General User wrote...
Siansonea II wrote...
You noticed that too, did you?One might almost think the welfare of the colony wasn't a priority for the Illusive Man. And yet, our fellow forumite believes that Cerberus is some kind of heroic organization even though they created the situation in the first place. And that the Alliance, operating on a critical lack of information, should have at heart the best interests of colonies who have taken great pains to get away from the Alliance and actively reject their help/interference. And that the Alliance should somehow be omniscient, even though the one person who does know more than Shepard, the Illusive Man, clearly does not hold the safety of those human colonies above all. He'll gamble their lives away without even a clear idea of what he'll gain in the process. There's that pesky 'risk vs. reward' equation again...
I can’t answer for what’s in the mind of others.
So "let me be clear", I personally think the Alliance was doing everything it could reasonably be expected to do vis-a-vis the Collector attacks. And that doing things the Alliance either can’t or won’t (for whatever reason) do, is one of the main reasons Cerberus exists in the first place.I agree. But you can't use the result to justify the rightness of thinking. If time wasn't a one-way axis, if we could know the outcome beforehand, that would be a different story. The Illusive Man made a gamble, and it mostly paid off, but that doesn't mean it was the responsible or "good" thing to make the gamble. Especially since no one else was privy to the information that the Illusive Man was using to make the gamble in the first place.
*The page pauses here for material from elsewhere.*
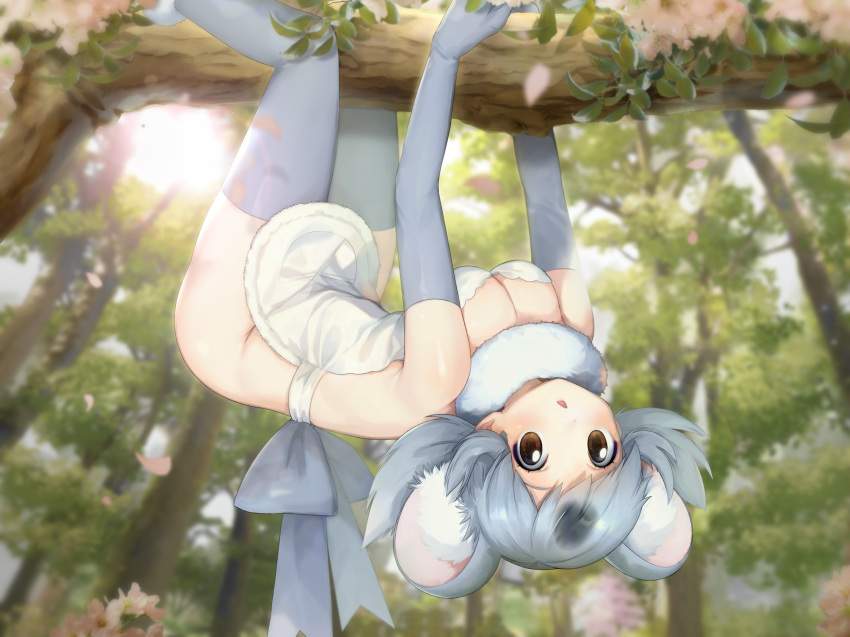 1girl animal_ear_fluff animal_ears apron black_hair blurry blurry_foreground bottomless branch breasts brown_eyes cleavage climbing colored_inner_hair day detached_collar elbow_gloves extra_ears fisheye fur_collar gloves grey_gloves grey_hair grey_thighhighs hanging highres kemono_friends koala_(kemono_friends) long_hair looking_at_viewer multicolored_hair naked_apron nelly_(altsarespicy) outdoors parted_bangs parted_lips petals solo sunlight thighhighs tree upside-down white_apron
Well… you kinda can in a way. What I mean by that is: when you’re making big decisions, every decision you make is a gamble to one extent or another. When the arena at hand is a war then the consequences are bound to be lives, including the lives of bystanders and non-combatants. That’s not really a mark against Cerberus or TIM as much as it is the nature of making decisions as a leader during wartime.
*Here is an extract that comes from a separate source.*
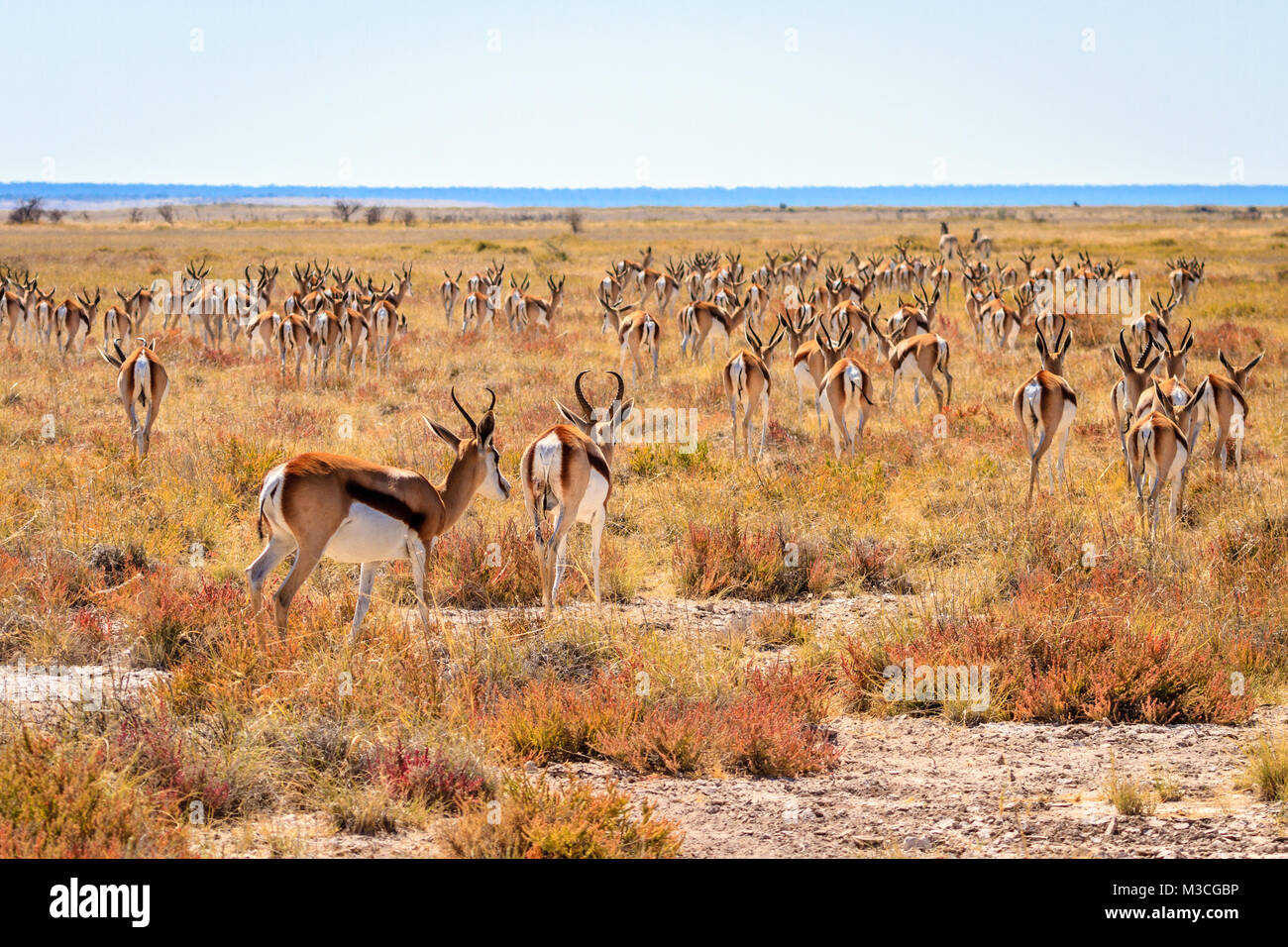 Springbok National Animal Hi res Stock Photography And Images Alamy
So you make your gamble and try your best, knowing full well that lives hang in the balance, and knowing also that history will be the one to decide whether you were ultimately right or wrong. So, in that vein, I think it bears acknowledging that the Battle of Horizon was the turning point of the Campaign, and did save far more lives than it cost.
It is my contention that, at the time, the Collectors were hitting colony after colony and they had no reason to stop, giving them that reason was TIM’s primary motivation in setting up the Horizon op. in the first place. May I ask what you believe TIM’s motivation in setting up the Horizon op. was?
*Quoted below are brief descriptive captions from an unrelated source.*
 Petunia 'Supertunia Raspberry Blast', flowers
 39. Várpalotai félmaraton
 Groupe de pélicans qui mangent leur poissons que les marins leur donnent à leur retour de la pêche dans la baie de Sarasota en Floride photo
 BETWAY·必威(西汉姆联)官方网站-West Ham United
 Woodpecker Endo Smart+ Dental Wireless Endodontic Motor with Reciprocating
Who knows what TIM's motives are? My whole point is you can't expect to overlook Cerberus' past actions just because some of their more recent actions have good outcomes. You can't give them a pass on that Akuze business, the murder of Admiral Kahoku, etc., just because they made a move that benefitted humanity. They may be doing what the Alliance can't, but they're also operating in a theater in which the Alliance has no authority. Cerberus has a lot more mobility and freedom than the Alliance, so while they may be able accomplish things the Alliance can't, that doesn't infer that Cerberus now has some kind of moral high ground. Furthermore, Cerberus has even more freedom to work within the Traverse than the Alliance, since they are not a legally-recognized human authority, giving them yet another advantage over the Alliance in this situation.
The premise I am questioning is the idea that the Alliance is somehow derelict in their duty for not invading the Traverse because human colonies are going missing. The Alliance was quietly gathering information and trying to do some good through agents like Kaidan Alenko/Ashley Williams—information that TIM actually had and could have shared somehow. Of course, that doesn't make the Traverse any more off-limits to the Alliance.